Sure. Thanks for the question. I would say, we believe there are parties interested in the Crigler program, but we've only very recently made that decision official, obviously, sharing it publicly today. So those conversations are a bit early, but I have optimism that there will be multiple interested parties because like I said, I think it has great potential and we've identified patients. And so while it may not be the perfect strategic fit for us as a company, I believe it will be for another party. So we look forward to those discussions. The second question is difficult to answer today. I think we don't yet have a refined clinical vision for our first trial in myotonic.

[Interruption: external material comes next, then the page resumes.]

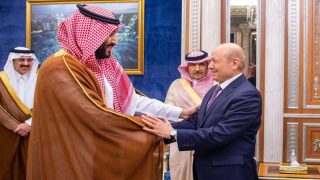 المجلس الجنوبي: العليمي يتحمل مسؤولية هجوم ميناء المكلا وقراراته مرفوضة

Your point is well taken about the disease, but we really need some additional data from our preclinical work to first guide our understanding of our approach and where we can have the most impact and then have the right pre-IND discussions with the authorities to confirm that they're supportive of our initial vision. So I don't have an answer for you today, but certainly look forward to that conversation as the year progresses and we get closer to an IND next year.

Okay, thank you.

Sure.

Thank you. [Operator Instructions] Our next question or comment comes from the line of Difei Yang from Mizuho. Your line is open.

Hi, good afternoon guys. This is Alex on for Difei. Thank you for taking the question. I have a question on Pompe. Could you maybe comment on how an AAV approach might be differentiated from a lentiviral approach?

Sure. So, it's an AAV approach. In this case involves a single approximately one hour intravenous infusion, which we believe will result in a transduction of the key tissues affected by the disease, muscle in particular, and the production of the GAA protein in that tissue, where we believe will have maximum impact and these are the tissues affected by Pompe disease. And we've shown with our work in MTM that that's a highly credible approach. And so we're very optimistic about that in Pompe disease. A lentiviral approach as ex vivo gene therapy in this case.

So, we're extracting cells from the patient and with some conditioning ex vivo and the use of the lentiviral vector. You're inserting the GAA gene and then you’re re-implanting those cells in essentially a bone marrow transplant procedure. So, certainly, a lot of interesting and exciting data in ex vivo gene therapy for multiple indications in development and approaching commercialization and we wish our colleague companies well in that regard, but in the case of Pompe disease, we feel that the AAV approach is likely to be the superior approach. And so, that's why we're focused on it.

Okay, thank you. And then, just related to your strategy in DMD, are you aware of any other vectorized exon skipping approaches being developed, not in DMD, but in other gene therapy indications?

Other vectorized exon skipping, I am not aware specifically. There are other vectorized antisense generally using different forms of RNA to produce clinical benefit. And indications where there's research happening in that regard include off the top of my head, Huntington's disease and certain forms of ALS in particular. So, we will watch those programs with interest because there's obviously some scientific similarities, but also meaningful differences between those targets and the specifics of those constructs and what we're proposing. But specific to exon skipping, not to my knowledge, vectorized exon skipping.

Okay, great. Thank you.

Thank you. I'm showing no additional questions in the queue at this time. I would like to turn the conference back over to Mr. Matt Patterson for any closing remarks.

Great, thank you again everyone for your participation. We appreciate the opportunity to share our updates and look forward to talking again soon. Thank you very much, Operator that concludes our call for today.

Ladies and gentlemen, thank you for participating in today's conference. This concludes the program. You may now disconnect. Everyone have a wonderful day.